Roper agency to get funding

Published 8:28 pm Saturday, December 29, 2007

By Staff
Golden LEAF awards $3.2 million in total
By PETER WILLIAMS, Managing Editor
A Washington County agency will get $250,000 as part of a package of $3.2 million in grants provided by the Rocky Mount-based Golden LEAF Foundation.
Windows On The World is to use its $250,000 to train workers at 15 eastern North Carolina clinics in the use of electronic health records and to perform billing duties.
WOW is a technology center designed to teach computer literacy and open up the world of the Internet to Washington County residents who might otherwise not have those opportunities. It is based in Roper.

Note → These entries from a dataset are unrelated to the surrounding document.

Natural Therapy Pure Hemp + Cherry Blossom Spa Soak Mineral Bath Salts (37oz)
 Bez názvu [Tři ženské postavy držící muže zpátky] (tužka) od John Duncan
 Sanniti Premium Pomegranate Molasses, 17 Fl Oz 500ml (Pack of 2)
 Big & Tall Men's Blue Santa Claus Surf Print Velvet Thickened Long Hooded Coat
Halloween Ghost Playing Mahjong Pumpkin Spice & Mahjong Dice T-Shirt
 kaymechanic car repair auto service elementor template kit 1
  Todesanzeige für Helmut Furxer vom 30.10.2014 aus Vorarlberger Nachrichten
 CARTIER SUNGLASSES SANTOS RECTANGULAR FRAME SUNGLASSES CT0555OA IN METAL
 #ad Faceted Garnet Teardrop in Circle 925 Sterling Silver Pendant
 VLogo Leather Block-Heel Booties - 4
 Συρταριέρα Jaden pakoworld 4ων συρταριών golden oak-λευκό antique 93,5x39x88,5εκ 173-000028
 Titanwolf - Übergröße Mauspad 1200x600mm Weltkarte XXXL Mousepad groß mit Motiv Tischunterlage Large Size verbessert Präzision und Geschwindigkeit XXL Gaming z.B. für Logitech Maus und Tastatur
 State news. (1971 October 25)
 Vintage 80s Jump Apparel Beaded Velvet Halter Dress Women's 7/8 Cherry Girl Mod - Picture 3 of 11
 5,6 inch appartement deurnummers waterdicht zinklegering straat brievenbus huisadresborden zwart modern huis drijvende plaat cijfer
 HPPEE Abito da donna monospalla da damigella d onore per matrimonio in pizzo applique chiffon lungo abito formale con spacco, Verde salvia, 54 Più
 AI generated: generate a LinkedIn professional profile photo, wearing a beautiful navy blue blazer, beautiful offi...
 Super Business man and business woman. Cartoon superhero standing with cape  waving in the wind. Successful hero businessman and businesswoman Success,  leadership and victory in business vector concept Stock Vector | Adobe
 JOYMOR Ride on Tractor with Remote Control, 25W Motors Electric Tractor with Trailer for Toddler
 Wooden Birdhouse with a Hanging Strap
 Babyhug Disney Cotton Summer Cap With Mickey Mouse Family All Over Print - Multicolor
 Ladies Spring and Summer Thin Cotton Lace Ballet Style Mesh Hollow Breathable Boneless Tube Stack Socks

Dorenda Gatling, WOW’s chief executive officer, would not be available for comment until after the holidays, according to a receptionist at the WOW office in Roper.
The funding decision was made at a Golden LEAF board meeting earlier this month in Edenton. Nine grants were awarded. The money goes to public infrastructure improvements, job training and a statewide education program for science, technology, math and engineering.
Since its founding in 1999, Golden LEAF has awarded more than $239 million in grants to help North Carolina’s tobacco-dependent communities find new ways to prosper.
Hertford County was the largest recipient of the recent grants at $2 million. That included $1.3 million to fund an early college/high school program at Roanoke-Chowan Community College, $250,000 for a recreation program and $360,000 to help train health workers for Roanoke-Chowan Hospital.
N.C. State University also received $360,000 for a science program, and UNC-TV got $212,000 to fund a 12-part series on economic development. A Rocky Mount-based employment project received $3,500, Columbus County got $150,000 for the revitalization of an industrial park and the town of Elkin got $200,000 for a water tank.
The foundation is a nonprofit organization established in 1999 to help transform North Carolina’s economy. The foundation receives one half of North Carolina’s funds from the 1998 Master Settlement Agreement with cigarette manufacturers and places special emphasis on assisting economically-distressed or tobacco-dependent communities across the state.
In addition to awarding the new grants, the Golden LEAF board held elections and named J. Thomas Bunn as the foundation’s new chairman. Bunn works with the Flue-Cured Tobacco Cooperative Stabilization Corporation in Raleigh and has served on the Golden LEAF board since its inception.